» **TO DO**
Transcribe all records exactly; omit pictures.
━━━━━━━━━━
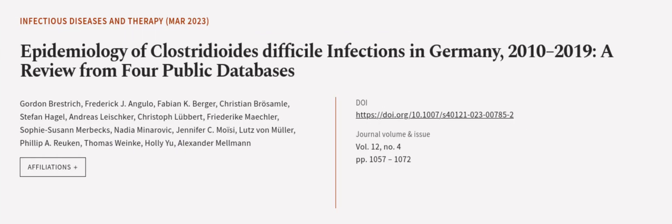This article was authored by Gordon Brestrick, Frederick J. Angulo, Fabian K. Berger, and others. We are article.tv, links in the description below.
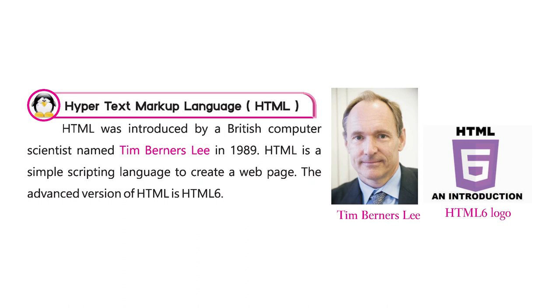Hypertext Markup Language, HTML, was introduced by a British computer scientist named Tim Berners-Lee in 1989. HTML is a simple scripting language to create a web page. The advanced version of HTML is HTML6.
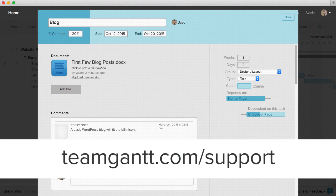Thanks for using TeamGantt and as always you can find more information and see more how-to videos at teamgantt.com support.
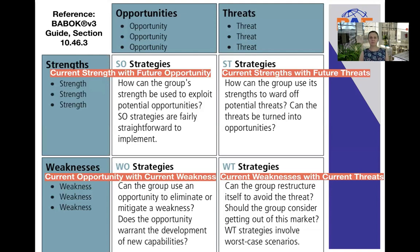So if you open your BABOK guide and go to chapter 10, section 10.46.3, you'll be able to have a look at the detail of the SWOT analysis itself. Specifically, I'd like you to look at the summary diagram there. You will see that the way they've defined this SWOT analysis in this technique section of the BABOK guide is to look at different strategies by combining opportunities, threats, strengths, and weaknesses, shown in the different quadrants.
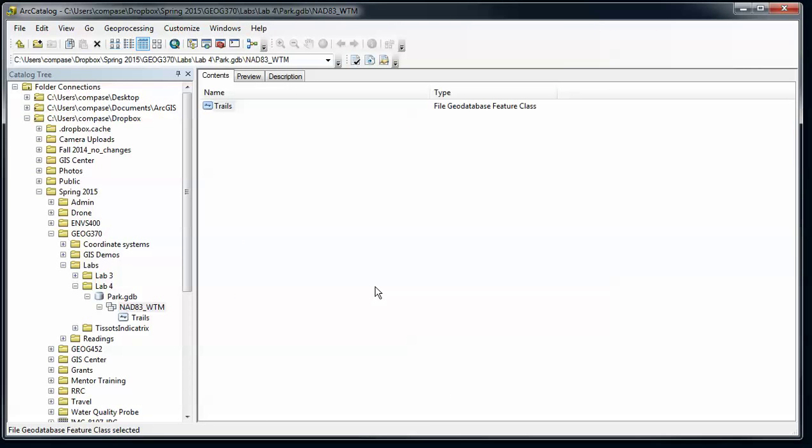So now we have everything set up for this blank feature class, and next I'll show you how to do some editing with that. Thanks.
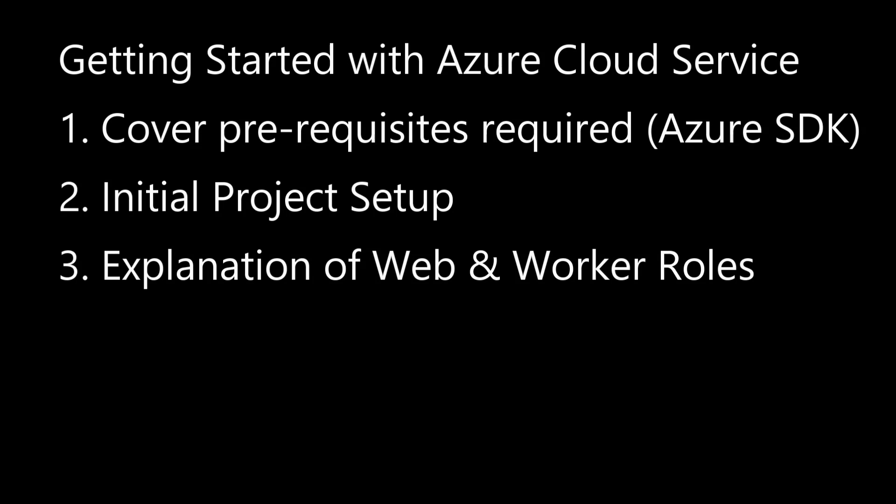The purpose of this first video is to cover things we need to get started with Azure Cloud Services, such as Azure SDK, as well as the initial project setup, and finally an explanation of both web and work roles. Important timestamps are going to be inside the video description as well as the pinned comment.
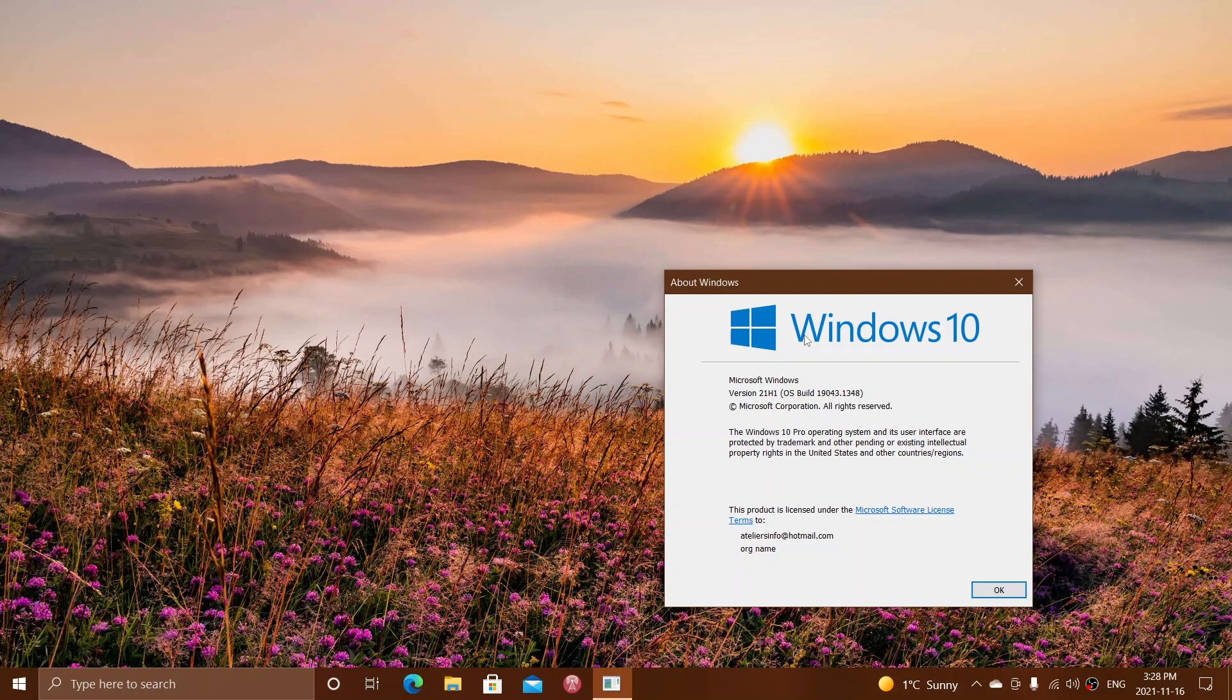So that means next year, second half of 2022, we'll have the next Windows 10 update. This is probably a relief for a lot of people.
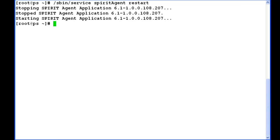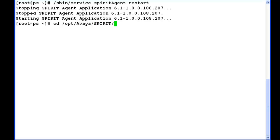Now I will go to the location of the script generateTestAlarm.sh so that we can send a test alarm from Presence Services to check if we are able to generate a test alarm or not.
━━━━━━━━━━
» **REPLY TO THE TASK**
This article was authored by Gordon Brestrick, Frederick J. Angulo, Fabian K. Berger, and others. We are article.tv, links in the description below.
Hypertext Markup Language, HTML, was introduced by a British computer scientist named Tim Berners-Lee in 1989. HTML is a simple scripting language to create a web page. The advanced version of HTML is HTML6.
Thanks for using TeamGantt and as always you can find more information and see more how-to videos at teamgantt.com support.
So if you open your BABOK guide and go to chapter 10, section 10.46.3, you'll be able to have a look at the detail of the SWOT analysis itself. Specifically, I'd like you to look at the summary diagram there. You will see that the way they've defined this SWOT analysis in this technique section of the BABOK guide is to look at different strategies by combining opportunities, threats, strengths, and weaknesses, shown in the different quadrants.
So now we have everything set up for this blank feature class, and next I'll show you how to do some editing with that. Thanks.
The purpose of this first video is to cover things we need to get started with Azure Cloud Services, such as Azure SDK, as well as the initial project setup, and finally an explanation of both web and work roles. Important timestamps are going to be inside the video description as well as the pinned comment.
So that means next year, second half of 2022, we'll have the next Windows 10 update. This is probably a relief for a lot of people.
Now I will go to the location of the script generateTestAlarm.sh so that we can send a test alarm from Presence Services to check if we are able to generate a test alarm or not.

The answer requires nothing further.